As sociedades comunicacionais universalmente ramificadas, as instituições do trabalho e da memória, a esfera tecnológica liberada de ingênuos fetichismos não devem possuir ânimo confiscatório em suas relações mútuas. Mas o trabalho material e imaterial, transformador da natureza e dos símbolos, segue sendo o valor criador que funda o vínculo intersubjetivo. Apesar disso, os meios de comunicação possuem intrinsecamente tendências substitutivas da experiência genérica humana pela via de seu poderoso interesse na unificação ‘técnica’ da linguagem, do espaço e do tempo.

São conhecidas suas restritas hipóteses de inteligibilidade, suas armações temporais pré-moldadas, o ilusionismo com que imagina que não tem suas raízes no trabalho produtivo. Isso deve ser motivo de novas considerações que revelem que é preciso que, de seu próprio interior, surjam reformuladas alianças entre legados culturais e tecnologias. Desde logo, em seu sentido profundo, as tecnologias são também fatos artísticos e retóricos de segundo grau. Quando recobram essa dimensão, condensam um novo tecido universal de caráter liberador. Uma grande revolução contemporânea consistiria em que os meios de comunicação massivos assumissem que as formas de vida são experiências autônomas não sujeitas a servidões voluntárias e imersões cegas em um indiferenciado magma comunicacional.

Esse horizonte deve ser o sujeito filosófico de uma nova lei sobre o exercício do poder audiovisual das sociedades. Nem é preciso que isso seja escrito. São os ‘considerandos’ implícitos de toda lei, que equivalem a indagar sobre as condições de produção material, intelectual e moral de todo fato cognitivo. Os meios de comunicação se assemelham a um estouro em puro presente, a uma lâmina translúcida sem o peso da memória. Mas seu ‘arquivo’ está articulado como uma potencial ameaça de controle social. Dupla des-historização! Parecem não ter história, estruturas de domínio, interesses econômicos, economias reprodutivas, linhas de comando, decisões políticas, autoconsciência hegemônica e operativos ideológicos! Mas esta época nos revela a anomalia de acreditar que é etéreo ou evanescente o que, na verdade, é uma materialidade espessa e de caráter examinatório sobre o conjunto das práticas sociais. A pressuposição genérica da lei dos meios deve implicar que esta revelação – a essência de uma grande debate – é democraticamente possível.

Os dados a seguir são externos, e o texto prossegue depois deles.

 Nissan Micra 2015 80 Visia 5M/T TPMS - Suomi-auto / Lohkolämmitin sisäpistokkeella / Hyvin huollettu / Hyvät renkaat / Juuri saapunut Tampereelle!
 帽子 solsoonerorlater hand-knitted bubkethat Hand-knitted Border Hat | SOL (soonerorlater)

Um caso conhecido pelos historiadores argentinos é a opinião absorta de Sarmiento logo ao saber que os capitais ingleses estavam construindo a ferrovia do Ganges, da mesma maneira que, na remota Argentina, se construía o trecho Buenos Aires-Rosário. Como? Então os governantes ‘progressistas’ não incidiam em nada? Era tudo uma manifestação inevitável das forças produtivas da época? Esta profunda anedota (e uma anedota profunda é já uma teoria) nos leva novamente à questão das tecnologias. A necessária intimidade com elas anda de mãos dadas com a necessidade de que não se convertam na ‘antropologia filosófica’ de uma época, nem no governo invisível das culturas que devem ser livres em sua singularidade.

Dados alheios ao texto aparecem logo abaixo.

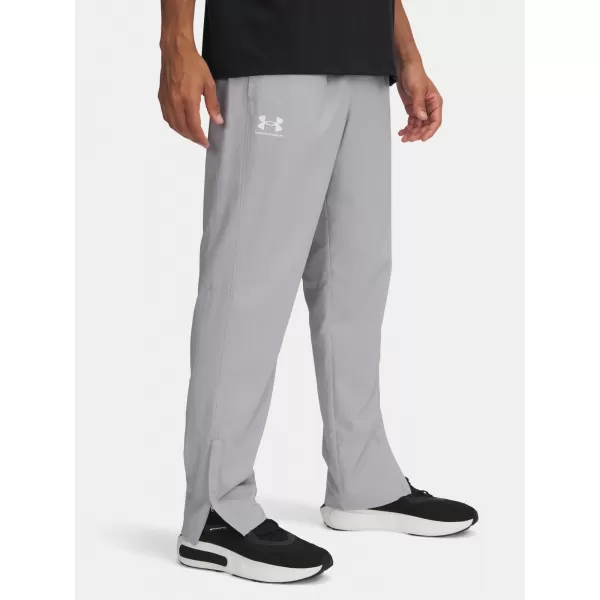  Pantaloni sport pentru bărbați UNDER ARMOUR UA RIVAL WVN WINDBREAKER PN 1390150-011 GRI 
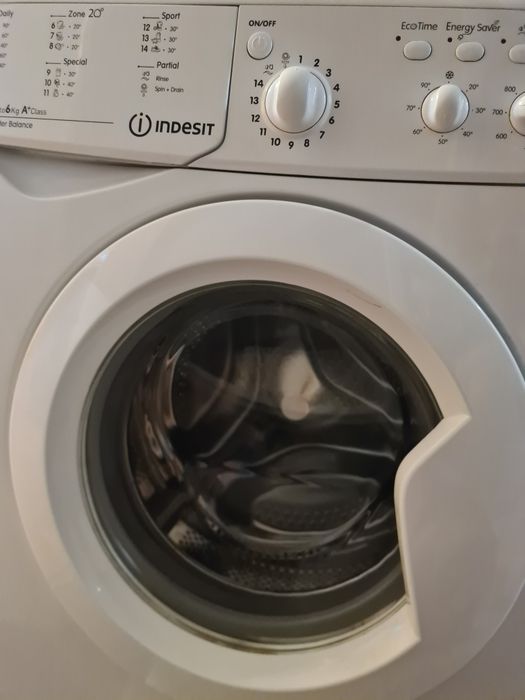 Пералня Indesit клас A+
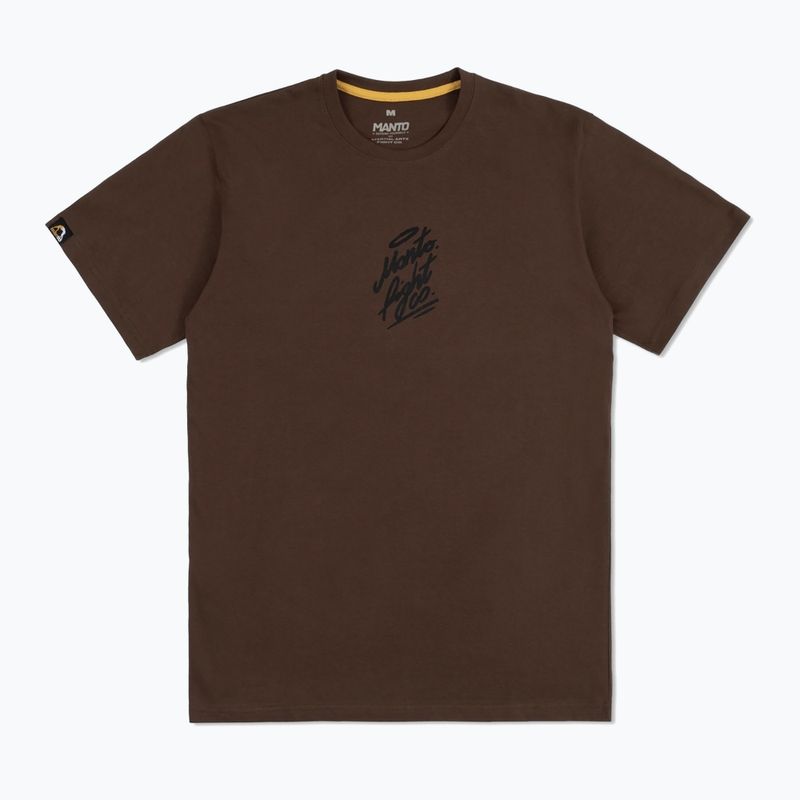 MANTO Dealer T-shirt maro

A técnica não é algo neutro. Quando acreditamos que é neutra, somos capturados por ela. Em troca, uma relação livre com as tecnologias implica decidir sobre elas, a cada passo, no interior mesmo da linguagem que utilizamos. Um mero jargão tecnicista sem raízes nem sustentação material impede a liberdade do sujeito. Aprisiona-o no ressentimento de não poder ser nunca imediatamente moderno, o que o banaliza socialmente. O moderno é um bem que implica mediações, múltiplos sintetizadores culturais, nunca é súbito nem esquecido. Uma lei de meios de comunicação socialmente inovadora deve legislar sobre novos direitos sociais de gestão nesta área. Mas são igualmente imprescindíveis duas coisas: que não se descubra que reproduziu meramente a ‘ferrovia do Ganges’ e que não se omita em rediscutir a língua como o veio permanente da autoconsciência produtiva de uma nação.

O Estado que propõe esta lei deve ser, ao mesmo tempo, um âmbito que se transforme juntamente com as mudanças essenciais que propõe. Não deve converter-se em uma região subordinada superficialmente à última novidade técnica. Deve ser um Estado renovado, não coercitivo, capaz de propiciar esferas heterogêneas de justiça. Por isso, deve assumir as tecnologias como acontecimentos também culturais e inovadores no plano artístico e científico. E, no plano da língua comum, deve atuar como se estivesse diante das grandes forças produtivas que originaram os inesquecíveis tratados de economia política do século XIX. Os ‘contratos’ que estabelecem os meios com suas audiências herdam antigas fórmulas sociais e comunitárias. Em um sentido amplo, herdam o selo do circo, do jogo e da magia. Mas, ao mesmo tempo, os decompõem em uma nova trama volátil, em pontuais momentos de consumo de línguas pré-fabricadas onde somente de tanto em tanto pulsa o destino real das existências. É difícil para os meios de comunicação escapar de um mercado de sentimentalidades já pressuposto.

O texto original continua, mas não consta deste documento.